DIFUTURE
Cross-institutional data integration and sharing will be vital to tomorrow’s medicine. DIFUTURE aims to provide medical professionals and researchers with data of comprehensive depth and breadth – to improve healthcare processes, accelerate innovation, and achieve tangible benefits for patients.
DIFUTURE comprises three German Universities of Excellence and their affiliated hospitals, plus additional clinical partners. The result is a unique synthesis of knowledge from the fields of medicine, informatics, biostatistics and bioinformatics. The consortium’s international connections are a further strength.
HiGHmed
The consortium HiGHmed unites and integrates competences of eight university hospitals and medical faculties as well as further scientific and business partners in order to develop innovative information infrastructures. Thus, the translation of research findings into clinical practice shall be accelerated.
miracum
MIRACUM brings together ten university hospitals, two universities and one industry partner from seven German federal states. The aim is to make clinical data, image data and data from molecular/genomic studies usable for innovative research projects both on a site-specific and cross-site basis via modular, scalable and federated data integration centers. In addition to the fundamental possibility of conducting feasibility studies, observational studies and the investigation of “real world pathways” on a large scale with such data integration centers, MIRACUM will support the recruitment of patients for clinical trials, the development of predictive models and precision medicine. In order to strengthen biomedical informatics and medical data science, ten new professorships have already been advertised at the MIRACUM sites and more will follow. In addition, a joint, cross-location Master’s degree program in “Biomedical Informatics and Medical Data Science” is to be established.
SMITH
In the SMITH consortium, more than 300 clinical, epidemiological and systems medicine employees are working on linking research and care in a targeted manner. To this end, the data collected daily in routine care is processed with the consent of the patients and made available to medical research in a standardized form. This enables researchers to better understand and analyze care processes. Patients benefit from reliable research results, more precise diagnoses and better therapies.
The prerequisites for linking healthcare data with research data are new technical interfaces between healthcare and biomedical research at clinical sites. To this end, the 19 consortium partners are jointly establishing a data architecture that enables the interoperable use of data from patient care and research across the boundaries of institutions and locations. With this in mind, the university hospitals participating in the consortium have established sustainable data integration centers in Aachen, Bonn, Essen, Halle, Hamburg, Jena and Leipzig. The networking partners Ruhr University Bochum, Düsseldorf University Hospital and Rostock University Hospital are preparing to set up a DIZ.
The consortium demonstrates the functionality and added value of intelligent and responsible data use through one methodological use case and two clinical use cases in the areas of intensive care and infectious medicine.
DATA INTEGRATION CENTRES (DIC)
The consortia of the Medical Informatics Initiative (MII) have set up Data Integration Centers (DIZ) at their university medical sites.

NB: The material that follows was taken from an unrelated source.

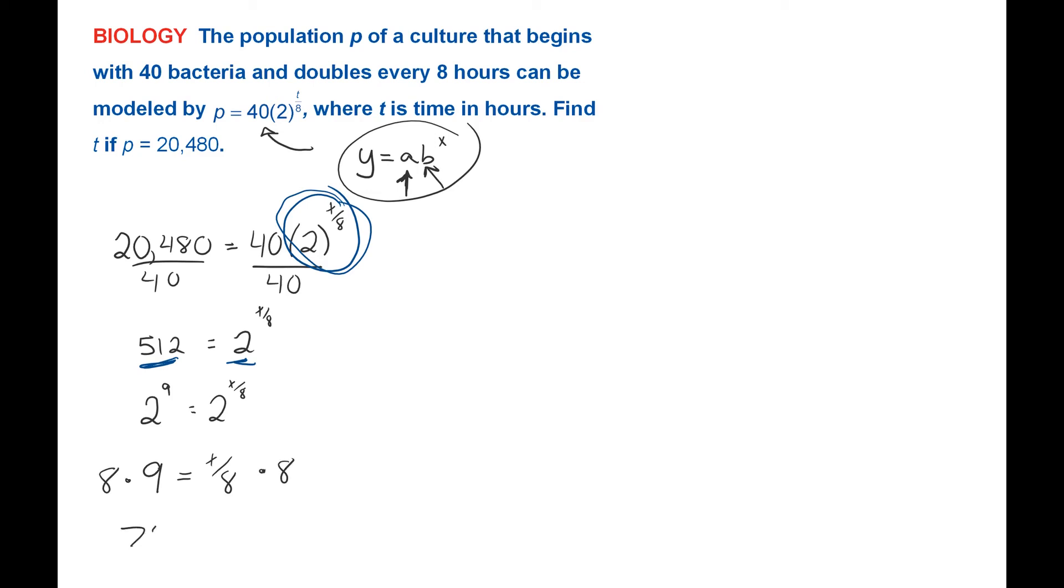And 72 is equal to T. So it takes 72 hours for the bacteria to grow to a size of having 20,480 of those little buggers.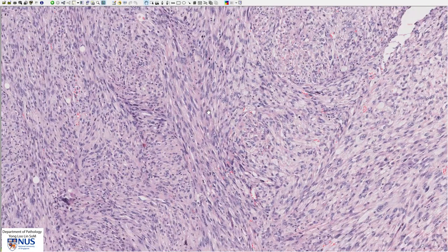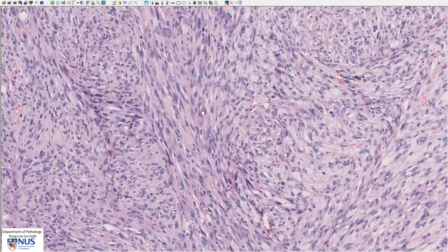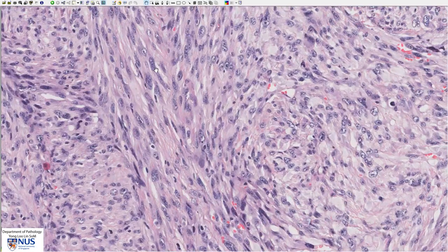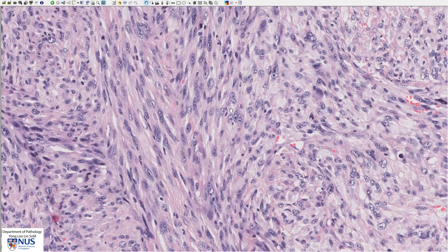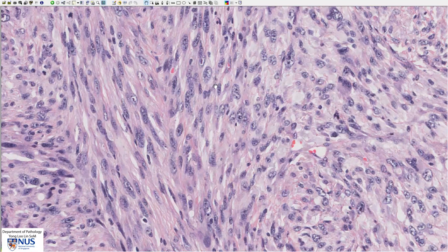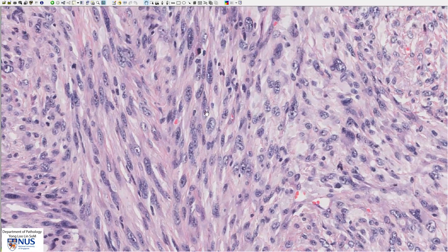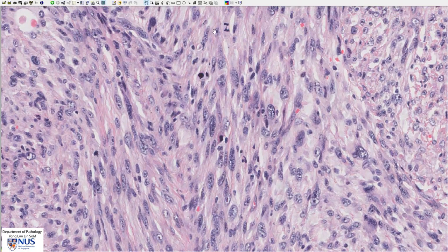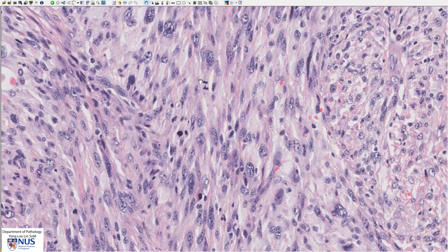These spindle cells show nuclei which are fairly large. Some of them have prominent nucleoli and quite coarse chromatin, and there is a moderate degree of nuclear pleomorphism with a moderate difference in nuclear size and shape as we look around.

These new facilities collect research and healthcare data from a university hospital, with data quality and data protection playing a key role.
The DIZ is an institution within the hospital and is generally closely linked to the clinical computer centers, which ensures a close connection to the patient care systems. The tasks of the DIZ include the transfer of data from various data-providing systems, the consolidation and processing of this data as well as ensuring data quality and data protection. The processed data is then made available for use in medical research and research results are fed back into healthcare via the DIZ.

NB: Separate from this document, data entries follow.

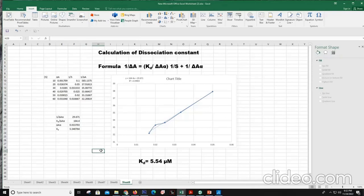This is how you can use optical difference spectroscopy to calculate the KD value of a ligand binding to a protein. It can also be used for other interactions, but in this video, a protein-ligand interaction was taken as an example.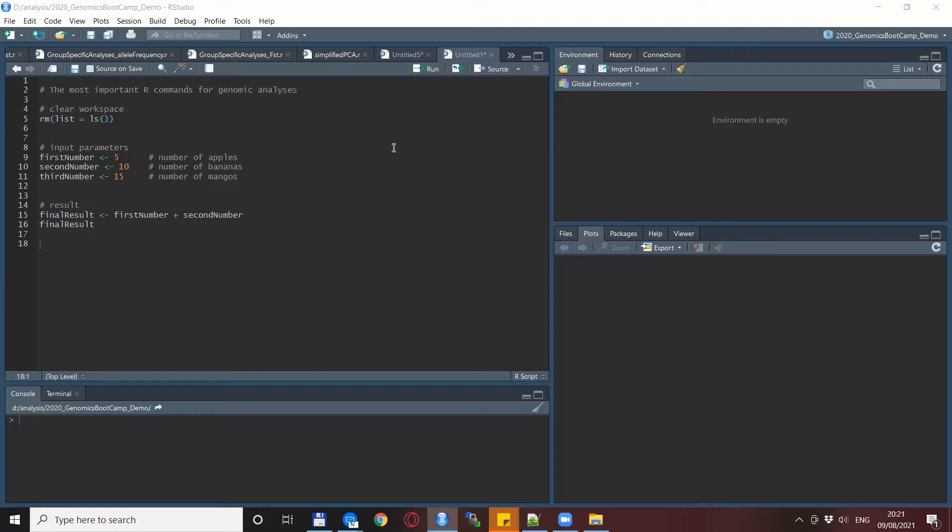Hello everyone, welcome back to the Genomics Bootcamp. Today we continue with a series of videos on R commands.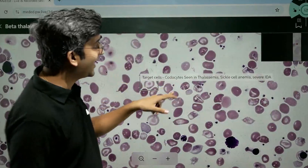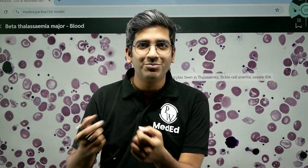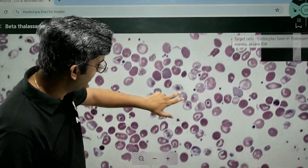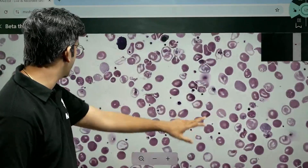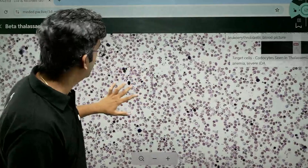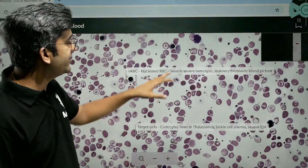Target cells — also called codocytes — are seen in thalassemia, sickle cell, and severe iron deficiency anemia. It's a compilation of information required for you in the form of an interactive experience — just zoom in wherever you want. You can see multiple target cells and easily identify the pale cells. There's also a nucleated RBC — NRBC — seen in hemolytic anemia and leukoerythroblastic picture. This is what the immersive slide learning experience is about.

In the DIZ, the technical and organizational prerequisites for the cross-location use of data between patient care and medical research are thus created. The DIZs thus enable medical data to be recorded, merged and exchanged in such a way that it can be used optimally in healthcare and research – even multiple times. Standardization, reusability and interchangeability of data play an important role here. In the future, researchers will be able to use harmonized data from all German university hospitals within a uniform legal framework. The DIZ will be maintained as a permanent, sustainable infrastructure and thus improve digital, targeted care and make the federal research landscape fit for the future.